Start of Given records
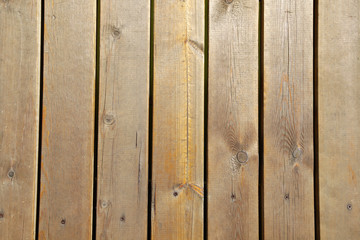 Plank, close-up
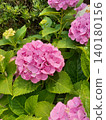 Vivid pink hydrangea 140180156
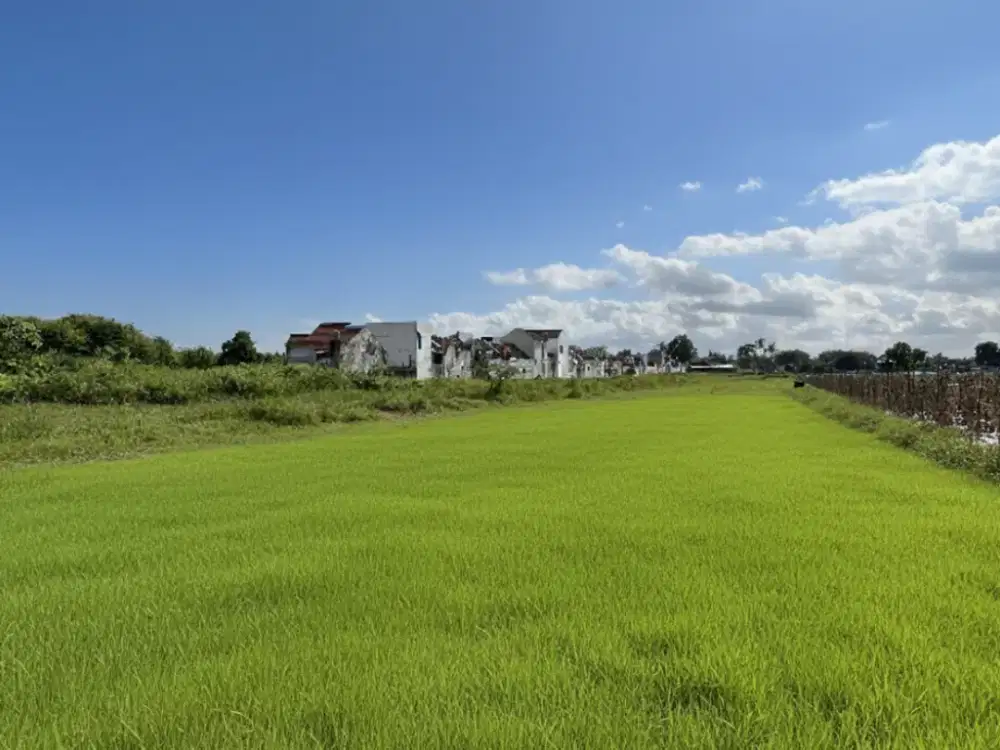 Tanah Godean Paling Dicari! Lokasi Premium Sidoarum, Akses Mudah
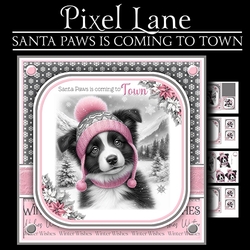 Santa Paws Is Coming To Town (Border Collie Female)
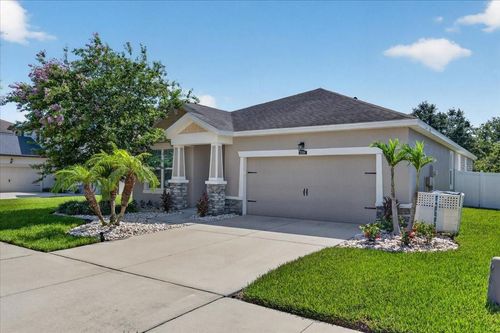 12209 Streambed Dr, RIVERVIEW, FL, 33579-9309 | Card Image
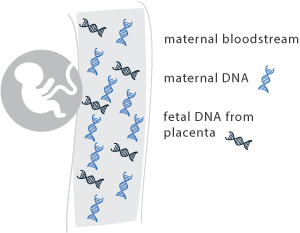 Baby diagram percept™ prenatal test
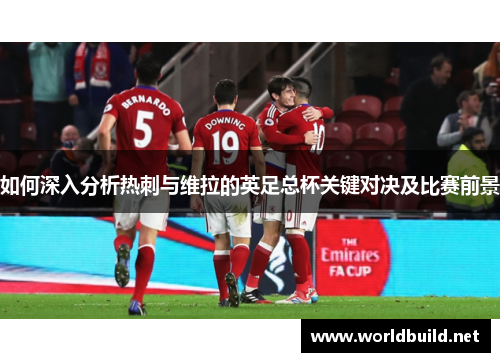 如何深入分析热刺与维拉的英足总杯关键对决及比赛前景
End of Given records
* [Task prompt] Repeat exactly the line containing "Baby diagram percept™ prenatal test" and every line after it through the end of the records, and nothing else. Leave the pictures out.

* [Result for this task]
 Baby diagram percept™ prenatal test
 如何深入分析热刺与维拉的英足总杯关键对决及比赛前景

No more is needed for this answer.